We know of no law of history, pace Pareto, that says that elites will forever dominate political institutions. Rather, decades of close inspection of the Progressive and Populist Movements, the era of 1968, and the progress of democracy in the west stress how the alliances of power are contingent upon event, institutions, movements, and moments. As we show in The History Manifesto, if historians in general haven't been talking to power, it's because of specific, contingent reasons having to do with the changing hierarchy of disciplines around 1968. Caught up with other political events, historians, sociologists, and anthropologists turned to labor politics, feminism, and postcoloniality, often choosing the leading edge of global policy over the failing international institutions like the United Nations whom they had served to date.
Let it not be thought that because historians largely agree about the costs of the Vietnam war and generally shake their heads about Iraq, that we are naive about the geopolitics of protecting energy and creating national stability.
Historians are no strangers to issues of energy security; as Tim Mitchell's work demonstrates, we know only too well how protection of supply chains has overdetermined political action for generations. We know that pattern of protecting national hegemony and shorting investment in alternative energy well enough to hunger for something new in the policy landscape. As Paul Sabin of Yale might suggest, we know how long it takes to build up the alternatives to coal and oil, and the importance of institutions -- from the EPA to Interstate Highway to the the Los Angeles automotive lobby and the Texas Railway Commission -- in influencing new policy. For a policy-maker in favor of radical new possibilities or investment in altnerative energy pathways, historians like Sabin could be enviable allies in brainstorming the best allies to pursue in making a new constituency.

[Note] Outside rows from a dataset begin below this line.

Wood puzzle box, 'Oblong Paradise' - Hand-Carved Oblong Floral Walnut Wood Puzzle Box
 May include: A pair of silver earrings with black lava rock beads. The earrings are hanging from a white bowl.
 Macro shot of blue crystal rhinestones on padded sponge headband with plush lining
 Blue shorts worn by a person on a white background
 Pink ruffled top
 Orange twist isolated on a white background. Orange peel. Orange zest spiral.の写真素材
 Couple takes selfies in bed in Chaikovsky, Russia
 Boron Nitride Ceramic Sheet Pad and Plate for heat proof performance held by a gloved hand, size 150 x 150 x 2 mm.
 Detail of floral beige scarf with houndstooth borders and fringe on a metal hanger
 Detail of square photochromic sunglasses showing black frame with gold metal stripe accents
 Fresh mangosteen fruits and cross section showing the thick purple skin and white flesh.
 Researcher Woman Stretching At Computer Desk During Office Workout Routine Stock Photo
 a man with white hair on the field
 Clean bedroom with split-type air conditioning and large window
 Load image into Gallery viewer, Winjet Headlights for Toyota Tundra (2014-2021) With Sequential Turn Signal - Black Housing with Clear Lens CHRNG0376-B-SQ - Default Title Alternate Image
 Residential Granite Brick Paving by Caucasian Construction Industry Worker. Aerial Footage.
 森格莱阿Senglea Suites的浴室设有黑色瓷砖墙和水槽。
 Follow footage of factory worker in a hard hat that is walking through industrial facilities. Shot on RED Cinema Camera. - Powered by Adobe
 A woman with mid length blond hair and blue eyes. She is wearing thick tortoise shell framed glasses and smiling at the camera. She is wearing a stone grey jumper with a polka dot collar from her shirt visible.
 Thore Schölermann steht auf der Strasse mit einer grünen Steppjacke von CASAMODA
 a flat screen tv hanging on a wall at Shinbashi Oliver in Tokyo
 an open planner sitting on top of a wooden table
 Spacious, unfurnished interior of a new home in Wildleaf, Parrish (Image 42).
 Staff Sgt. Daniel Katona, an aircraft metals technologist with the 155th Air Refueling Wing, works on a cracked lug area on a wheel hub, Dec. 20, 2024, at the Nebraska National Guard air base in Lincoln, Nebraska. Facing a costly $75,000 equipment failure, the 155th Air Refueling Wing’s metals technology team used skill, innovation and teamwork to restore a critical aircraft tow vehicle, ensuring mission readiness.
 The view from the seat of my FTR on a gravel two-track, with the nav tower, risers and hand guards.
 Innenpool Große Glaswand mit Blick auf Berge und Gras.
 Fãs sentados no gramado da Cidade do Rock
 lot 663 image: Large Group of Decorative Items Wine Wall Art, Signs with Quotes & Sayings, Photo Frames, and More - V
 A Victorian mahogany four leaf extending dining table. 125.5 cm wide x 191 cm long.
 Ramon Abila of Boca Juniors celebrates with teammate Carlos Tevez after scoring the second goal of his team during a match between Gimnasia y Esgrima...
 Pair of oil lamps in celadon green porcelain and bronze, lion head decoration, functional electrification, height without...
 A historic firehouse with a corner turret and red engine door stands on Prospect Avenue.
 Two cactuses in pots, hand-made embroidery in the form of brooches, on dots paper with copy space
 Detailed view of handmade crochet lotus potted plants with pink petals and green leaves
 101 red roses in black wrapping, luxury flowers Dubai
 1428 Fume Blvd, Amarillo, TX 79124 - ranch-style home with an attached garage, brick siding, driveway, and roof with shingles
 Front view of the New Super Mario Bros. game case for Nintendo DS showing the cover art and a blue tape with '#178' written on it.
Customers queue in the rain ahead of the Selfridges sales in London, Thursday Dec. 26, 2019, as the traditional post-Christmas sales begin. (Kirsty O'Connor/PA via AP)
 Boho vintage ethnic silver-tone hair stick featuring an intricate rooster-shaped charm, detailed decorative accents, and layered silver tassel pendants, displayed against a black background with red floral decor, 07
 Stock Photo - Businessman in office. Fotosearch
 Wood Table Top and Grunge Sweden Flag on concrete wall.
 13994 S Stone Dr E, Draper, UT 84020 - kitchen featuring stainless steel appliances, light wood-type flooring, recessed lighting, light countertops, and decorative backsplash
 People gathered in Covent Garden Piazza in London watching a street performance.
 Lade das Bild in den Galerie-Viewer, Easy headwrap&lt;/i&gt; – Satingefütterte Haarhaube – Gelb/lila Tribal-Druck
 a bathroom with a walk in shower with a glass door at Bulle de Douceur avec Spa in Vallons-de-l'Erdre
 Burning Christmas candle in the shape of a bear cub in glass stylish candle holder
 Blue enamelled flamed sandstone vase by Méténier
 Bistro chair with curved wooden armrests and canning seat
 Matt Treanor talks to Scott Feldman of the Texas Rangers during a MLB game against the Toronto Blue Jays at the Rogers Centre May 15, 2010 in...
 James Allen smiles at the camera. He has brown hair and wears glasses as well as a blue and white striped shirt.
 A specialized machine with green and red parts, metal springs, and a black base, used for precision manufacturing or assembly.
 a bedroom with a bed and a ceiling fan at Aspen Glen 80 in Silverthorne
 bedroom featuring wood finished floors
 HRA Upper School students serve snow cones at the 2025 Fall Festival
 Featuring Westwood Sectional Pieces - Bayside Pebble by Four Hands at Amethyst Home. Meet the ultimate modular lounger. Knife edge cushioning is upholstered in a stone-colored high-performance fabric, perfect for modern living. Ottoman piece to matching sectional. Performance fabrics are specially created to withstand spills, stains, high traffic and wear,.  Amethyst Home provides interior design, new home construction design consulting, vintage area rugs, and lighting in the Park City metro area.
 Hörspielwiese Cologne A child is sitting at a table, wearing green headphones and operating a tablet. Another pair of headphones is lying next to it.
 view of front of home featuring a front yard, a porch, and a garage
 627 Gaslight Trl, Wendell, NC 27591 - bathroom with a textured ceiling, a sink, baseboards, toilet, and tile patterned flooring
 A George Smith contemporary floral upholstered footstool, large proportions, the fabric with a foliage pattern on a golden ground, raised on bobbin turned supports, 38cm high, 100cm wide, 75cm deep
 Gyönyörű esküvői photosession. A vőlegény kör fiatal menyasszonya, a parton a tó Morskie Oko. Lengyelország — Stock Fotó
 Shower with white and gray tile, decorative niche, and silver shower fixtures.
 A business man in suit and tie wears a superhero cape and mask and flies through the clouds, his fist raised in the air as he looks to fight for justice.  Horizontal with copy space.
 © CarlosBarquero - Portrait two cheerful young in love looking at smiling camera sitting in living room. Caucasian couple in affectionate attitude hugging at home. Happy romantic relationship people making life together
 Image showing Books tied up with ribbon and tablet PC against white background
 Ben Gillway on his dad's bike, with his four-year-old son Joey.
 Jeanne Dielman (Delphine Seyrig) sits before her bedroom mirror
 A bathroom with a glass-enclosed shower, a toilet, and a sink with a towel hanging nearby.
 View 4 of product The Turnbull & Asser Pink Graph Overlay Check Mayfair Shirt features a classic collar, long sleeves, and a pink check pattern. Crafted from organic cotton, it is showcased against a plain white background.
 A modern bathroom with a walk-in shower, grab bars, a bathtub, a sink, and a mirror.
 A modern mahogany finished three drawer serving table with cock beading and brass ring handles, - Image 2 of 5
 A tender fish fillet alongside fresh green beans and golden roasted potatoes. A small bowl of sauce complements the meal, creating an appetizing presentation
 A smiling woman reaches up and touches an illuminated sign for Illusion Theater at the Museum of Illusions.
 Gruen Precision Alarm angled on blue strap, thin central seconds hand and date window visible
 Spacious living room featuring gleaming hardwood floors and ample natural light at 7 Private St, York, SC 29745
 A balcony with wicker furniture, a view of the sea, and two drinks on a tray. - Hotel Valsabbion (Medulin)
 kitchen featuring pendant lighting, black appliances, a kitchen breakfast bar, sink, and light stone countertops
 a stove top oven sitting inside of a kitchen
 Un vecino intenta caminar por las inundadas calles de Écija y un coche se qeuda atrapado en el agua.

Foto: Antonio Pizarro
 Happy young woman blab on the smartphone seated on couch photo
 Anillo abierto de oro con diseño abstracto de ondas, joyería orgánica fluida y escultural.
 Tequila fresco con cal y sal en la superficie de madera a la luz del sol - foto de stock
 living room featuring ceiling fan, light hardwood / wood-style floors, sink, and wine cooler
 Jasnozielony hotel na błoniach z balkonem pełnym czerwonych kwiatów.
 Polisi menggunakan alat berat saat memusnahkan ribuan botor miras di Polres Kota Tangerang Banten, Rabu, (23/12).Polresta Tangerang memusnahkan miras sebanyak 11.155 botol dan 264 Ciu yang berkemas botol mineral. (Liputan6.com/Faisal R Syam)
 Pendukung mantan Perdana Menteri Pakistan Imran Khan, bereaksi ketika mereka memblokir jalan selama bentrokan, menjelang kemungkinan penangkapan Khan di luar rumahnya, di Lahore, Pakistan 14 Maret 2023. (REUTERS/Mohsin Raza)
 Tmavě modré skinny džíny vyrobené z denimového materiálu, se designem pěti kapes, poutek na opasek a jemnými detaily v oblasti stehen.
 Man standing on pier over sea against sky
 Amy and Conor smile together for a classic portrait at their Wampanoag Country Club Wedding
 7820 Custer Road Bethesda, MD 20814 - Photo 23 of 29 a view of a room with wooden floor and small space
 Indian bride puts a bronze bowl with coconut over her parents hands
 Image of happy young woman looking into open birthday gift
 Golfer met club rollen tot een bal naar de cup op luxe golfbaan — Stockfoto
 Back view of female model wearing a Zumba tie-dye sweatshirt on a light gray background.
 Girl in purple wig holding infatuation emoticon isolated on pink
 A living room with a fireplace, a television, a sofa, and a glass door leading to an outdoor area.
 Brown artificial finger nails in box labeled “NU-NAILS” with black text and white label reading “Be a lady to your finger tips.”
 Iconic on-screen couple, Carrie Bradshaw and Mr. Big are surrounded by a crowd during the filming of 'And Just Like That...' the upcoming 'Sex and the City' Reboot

In The History Manifesto, we insist that a policy governed by history opens up utopian possibilities (peace in the Middle East, for instance?) but offering not static laws of society, but rather multiple possible futures predicated on the different forms of agency realized in many different pasts. "Iraq would have looked different had historians been involved" is a bold claim, but indeed, historians have been wondering for some time about how mistakes of the scale of slavery, empire, and torture are allowed to happen, and how they could be prevented. We now know for certain, thanks to the work of Tim Hitchcock and Simon Dedeo, that the decline in violence in nineteenth-century Britain, long speculated about, is a reality. Might not a global decline in violence be a real possibility in the future, if history were adequately applied to geopolitics as a raw stop to hawkishness?